Nehemiah Griego spent six years in the juvenile justice system and was ruled amenable, which meant he was due to be released when he turned 21. His release date was scheduled for March 20, 2018.

But, contrary to what many in the public believed, even supporters of his release – including Regina Griego – knew he was not yet ready to enter society. Arrangements had been made, the book details, to send him to a therapeutic setting out of state to continue his treatment.

But, after the state appealed the amenability ruling, the case returned to state District Court and, in 2019, state District Judge Alisa Hart ruled that Nehemiah Griego should serve three concurrent life sentences for the deaths of his three siblings, and seven years for killing each of his parents, those sentences running concurrently, but consecutive to the life sentences. The state had asked for 120 years.

Nehemiah Griego will be 52 before he becomes eligible for parole.

In her sentencing memorandum, Hart lamented that she would have considered giving Nehemiah Griego probation in a locked treatment facility, but such a place does not exist in New Mexico.

“Sins of the System” by Regina M. Griego, Ph.D.

“She chose to throw a child away,” Regina Griego said. “She erased six years of work the state had paid for and sent him away, even when we offered an alternative at a public adult treatment center (Mental Health Co-op in Houston) that we were willing to pay for and had already accepted him.”

Regina Griego said the family remains split, despite the initial promise many of them made to stand by Nehemiah Griego as they believed his father, his final victim, would have. Greg Griego spent much of his adult life preaching redemption to jail inmates and gang members, and he knew something about that second chance after his own experience with incarceration and being a gang leader.
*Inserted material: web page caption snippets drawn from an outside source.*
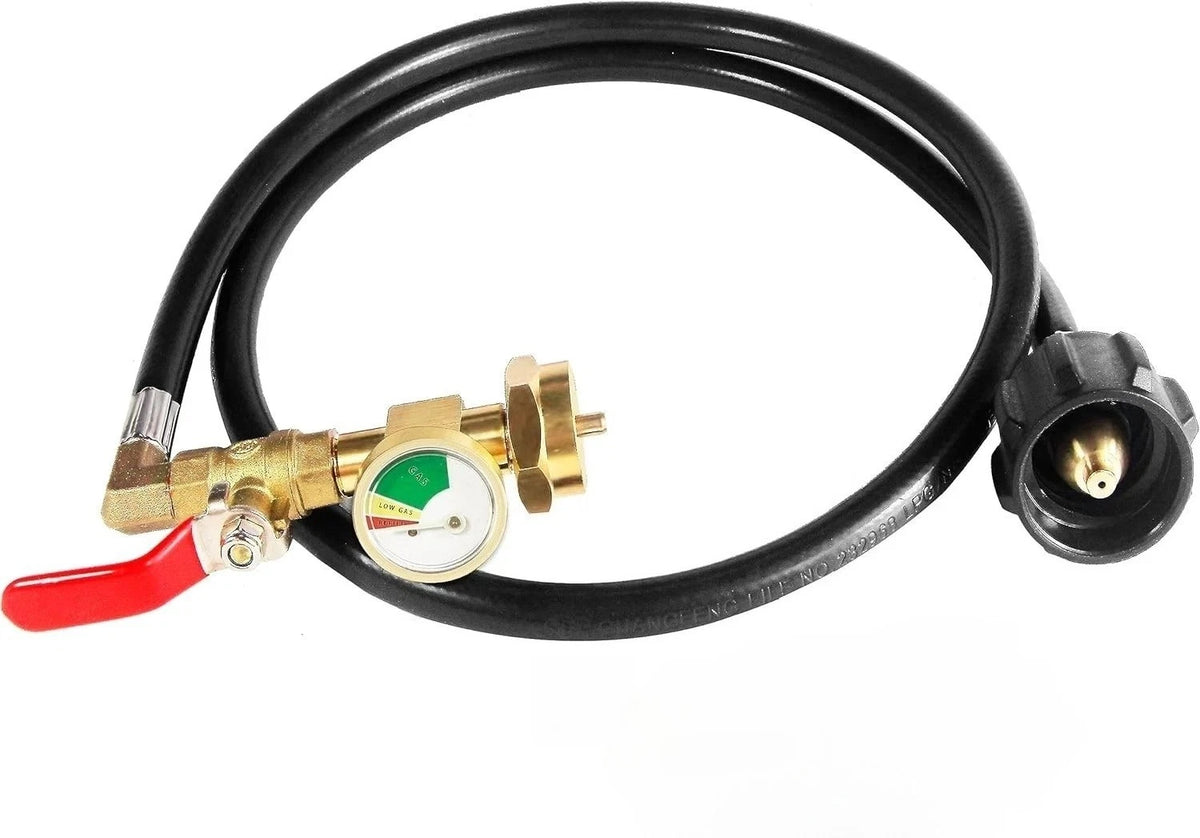 4FT Propane Adapter Refill Adapter Hose, Universal QCC1/Type 1 with Propane Gaug
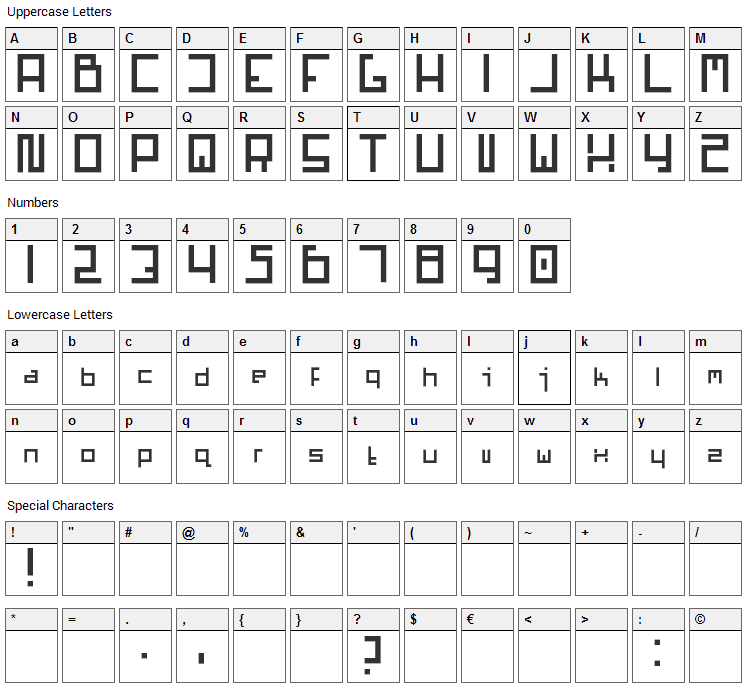 Mars Font Character Map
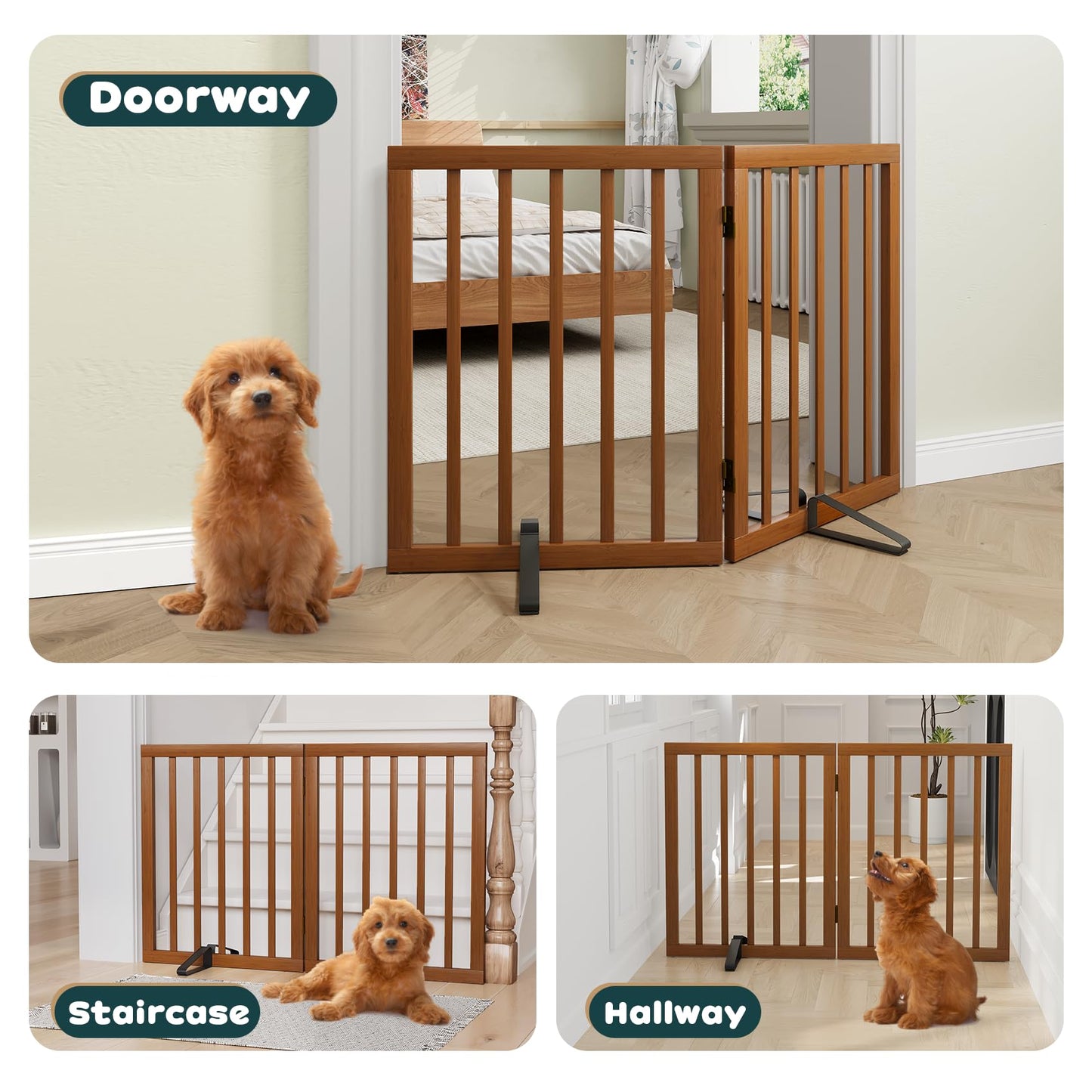 Freestanding Pet Gate with 2 Stands, Bamboo Dog Gates for Doorways, Dog Gates for The House, Puppy Gate for Stairs, Foldable Indoor Gate Safety Fence, 60cm Height-2 Panels Fully Assembled-Walnut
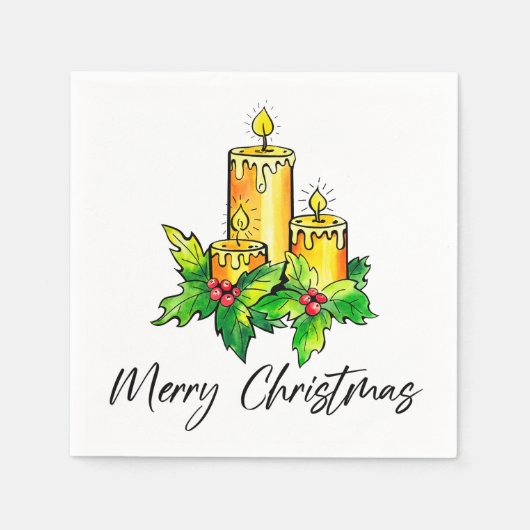 Gele pretkerst en vrolijk nieuwjaar luiers servet (Voorkant)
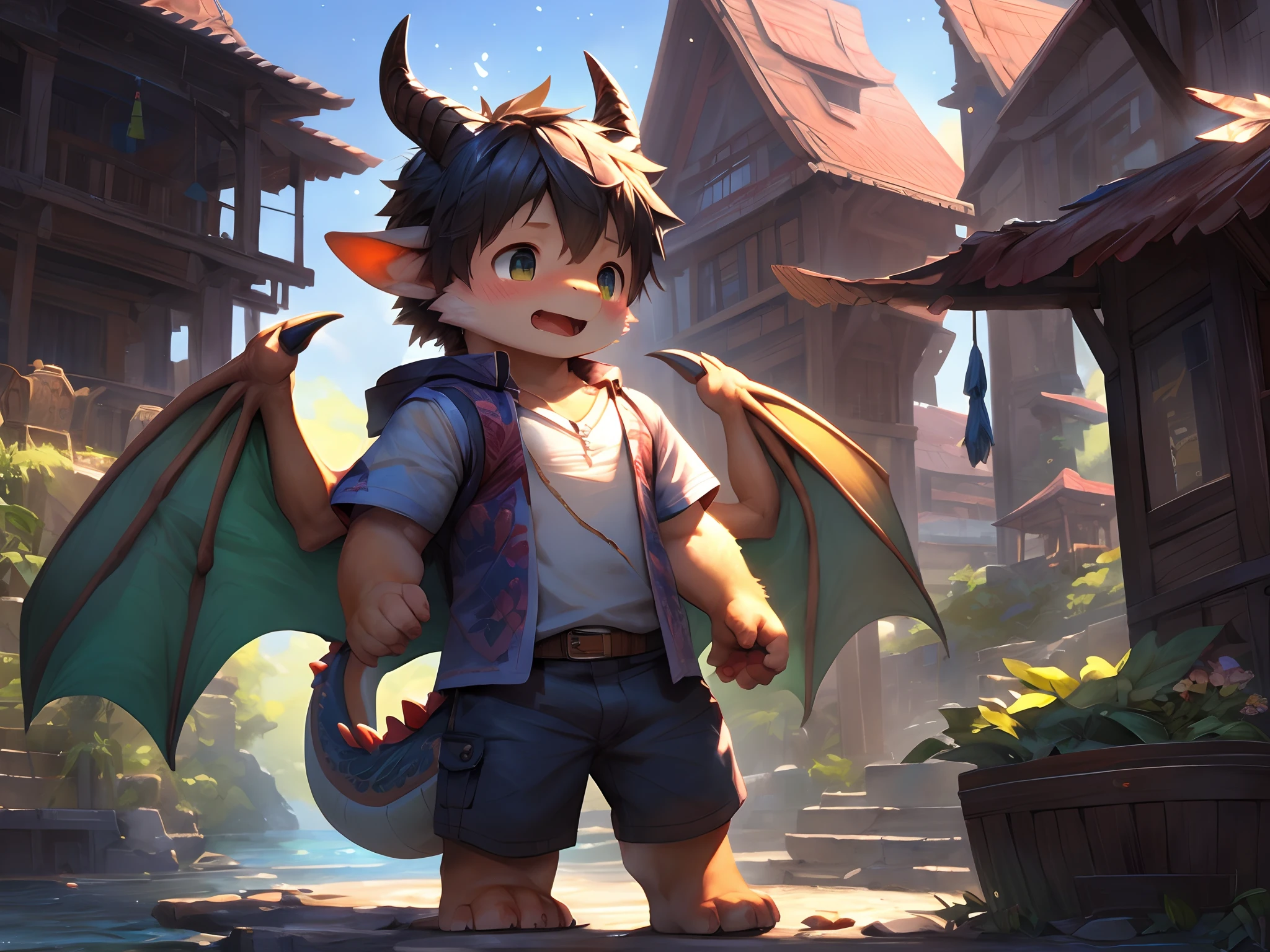 solo,(kemono:0.8),(shota,child,cub,young,chibi,bishounen,petite,short stack,adorable:1.1),(anime face,kawaii expression,cute fang),(handsome:1).
BREAK
The black-haired male pupil, a ((((little dragon)))) has ((dragon horn)), short-sleeved shorts, wearing a long cape, a straw hat with two streamers and countless wind chimes, and a green flute sits on the back of a huge bird made of water, leading more bird behind him.
BREAK
(cinematic Lighting), ((detailed Background)), ((looking down)), (((three-quarter view))), (((flustered))), (bedroom eyes),(heavy breathing),(blissful mouth),(seductive),(lust),(half Body Shadow),pink pawpads,paws,4 fingers,3 toes,delicate muscle line,(detailed bulge:0.5),(erection under clothes:0.5),(flaccid:0.5),(unretracted_foreskin:0.5),(animal_penis:0.5),(penis_tip:0.5),(leaking_cum:0.5).
BREAK
ultra-detailed,(nsfw:1.2),colored digital line art,photorealistic,(flat color:1.2),thick outlines,(limited palette:1.1),game cg,(3D:1.2),(photorealistic:1.2),(masterpiece,best quality,great,highly detailed CG unity 8k wallpaper,super fine illustration:1.2),extremely detailed,volumetric lighting,best shadows,(depth of field,particles of light,cinematic lighting:1.1),wind lift,speed lines,official art.
BREAK
(by lindong:1.25),(by blotch:1.25),(by mamaduo:1.1),(by cydonia xia:1.1),(by telson:1.1),(by taran fiddler:1.1),(by kilver:1),(by oxfort2199:1),(by syuro:1.2),(by s1m:1.2).
BREAK
bright colors,shaded,countershading,high contrast,photography \(artwork\),(realistic:1.2),(hi res,absurd res:1.2),perfect anatomy,anatomically correct,detailed,detailed face,detailed eyes,(realistic fur,detailed fur:1.25),detailed background,amazing background.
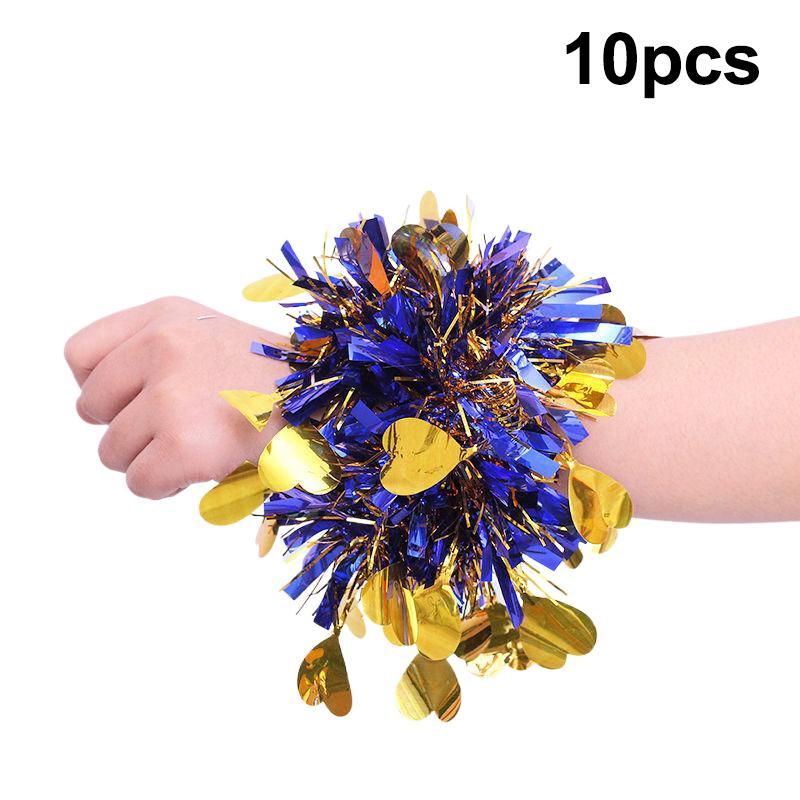 10 шт. Разноцветный мишурный браслет Эластичная лента Взрослые Дети Универсальный Реквизит для танцевального выступления Мишурный браслет на запястье для группы поддержки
His childhood, like that of Regina Griego and their other two siblings, was one of violence and poverty. One incident of his horrific abuse detailed in the book is especially heartbreaking.

Her brother’s deep wounds, as well as the wounds of their parents and the parents before them, Regina Griego suggests, were transmitted to his children, especially Nehemiah Griego.

Nehemiah Griego

“Hurt people hurt people,” she writes in the book. “Traumatized people pass on the trauma. … It is tempting … to deny or hide family secrets, but exposing them and admitting them is part of the hard work of healing our society.”

Regina Griego said she and those of her family who support Nehemiah Griego’s redemption have never defended his actions.

“Our position has always been that there is a reason for an adult court system and a juvenile court system,” she wrote in a letter to family in 2016 that is included in the book. Both systems, she contends, are flawed.

That is one of the main purposes of the book – a call to action on how New Mexico deals with its juvenile offenders. “What are we becoming as a society to treat children this way?” she asked. “Who failed them? Adults failed them in many ways.”

Regina Griego said she has not received pushback from estranged family members, but has received a positive review from one member: Nehemiah Griego.

He is currently in a North Carolina prison, where he was moved for his safety because of the notoriety of his case. Even so, the notoriety followed him. Regina Griego said he’s been stabbed eight times so far in prison.

“He’s scared to death, but he’s holding his own,” she said.

Nehemiah Griego turned 25 last Sunday. He is still almost always hungry.